◆ DATA EXCERPT:
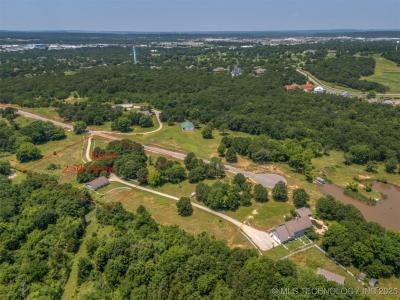 4458 Oak Timber Drive, Tulsa, Oklahoma 74131, Estados Unidos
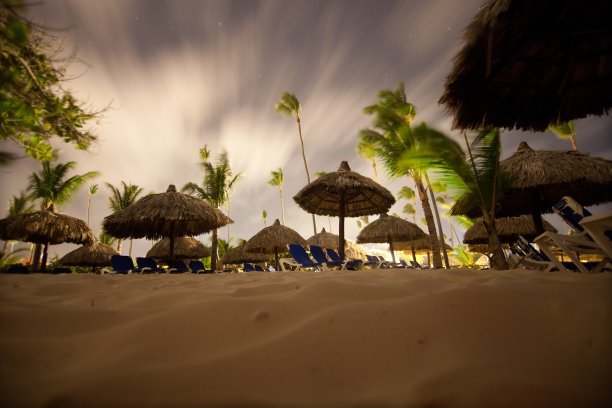 晚上的海滩度假胜地图片下载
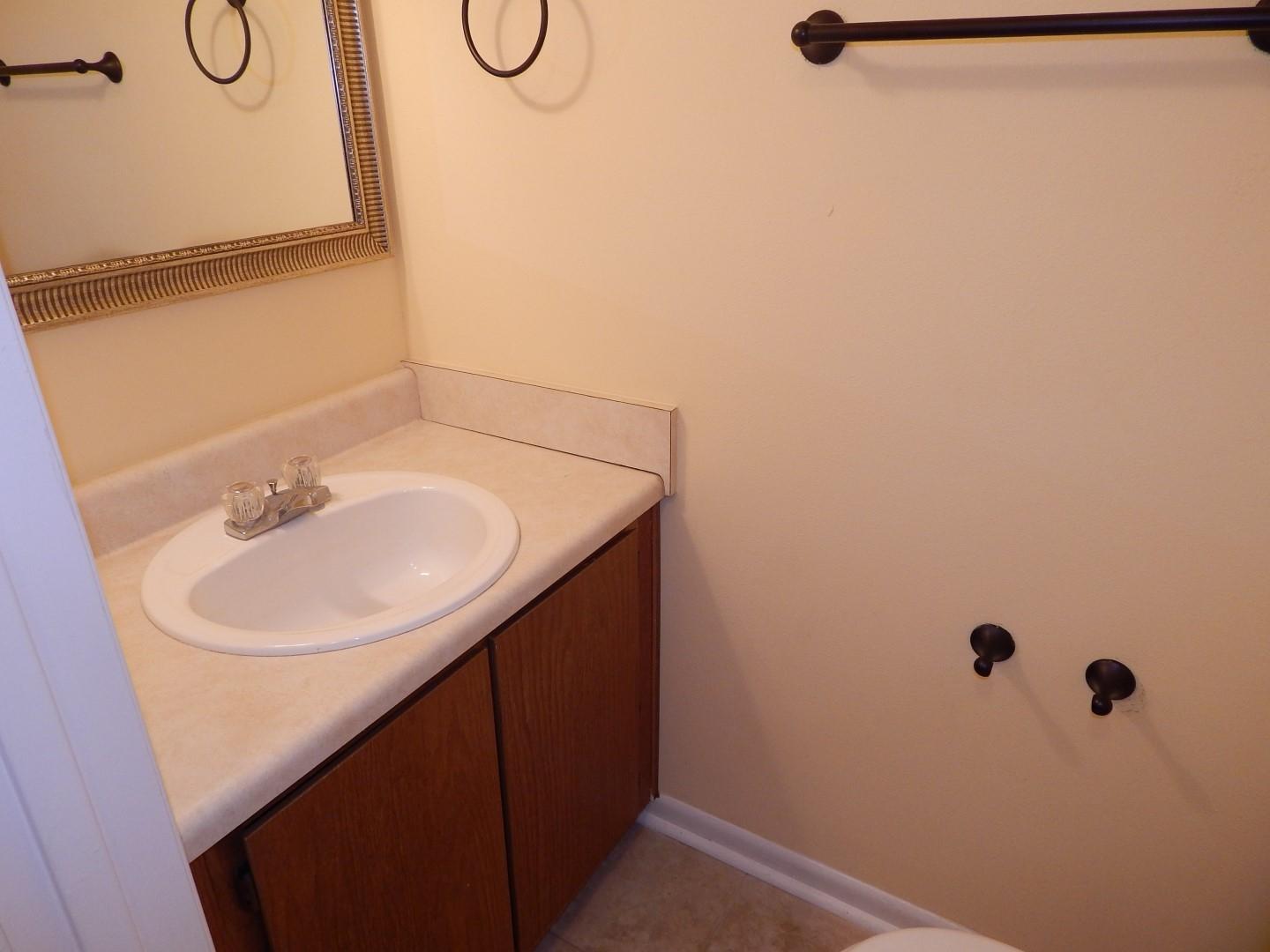 BIENVILLE SQUARE T/H - Residential Lease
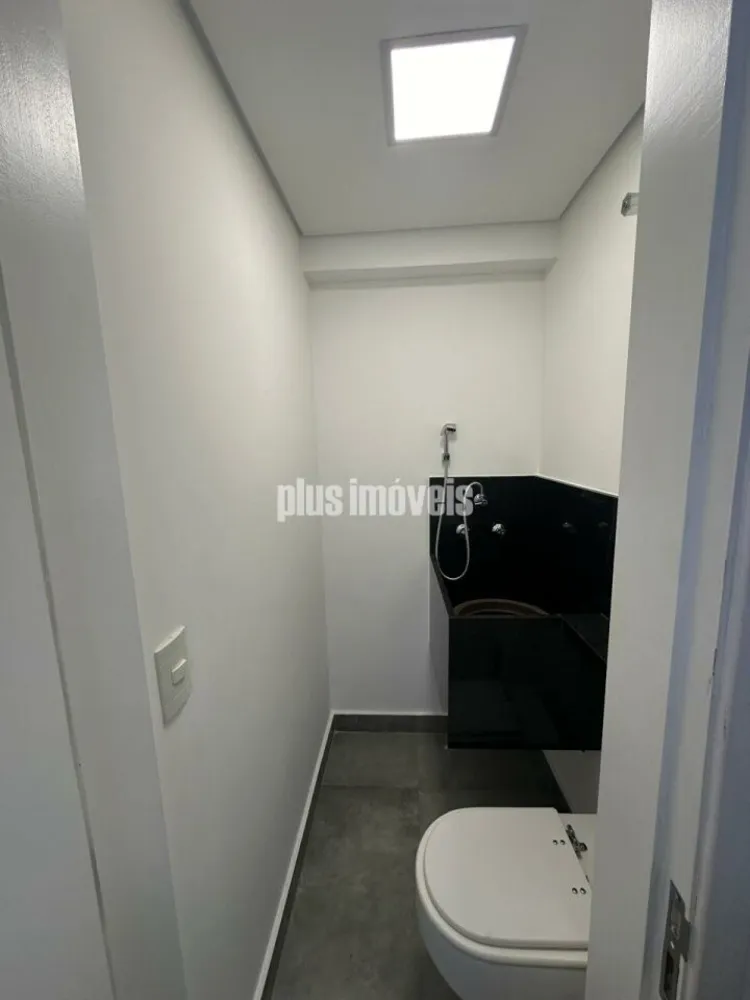 Apartamento, 3 quartos, 240 m² - Foto 1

◆ EXERCISE PROMPT:
Except for the pictures, return every line of the material exactly.

◆ COMPLETED EXERCISE:
 4458 Oak Timber Drive, Tulsa, Oklahoma 74131, Estados Unidos
 晚上的海滩度假胜地图片下载
 BIENVILLE SQUARE T/H - Residential Lease
 Apartamento, 3 quartos, 240 m² - Foto 1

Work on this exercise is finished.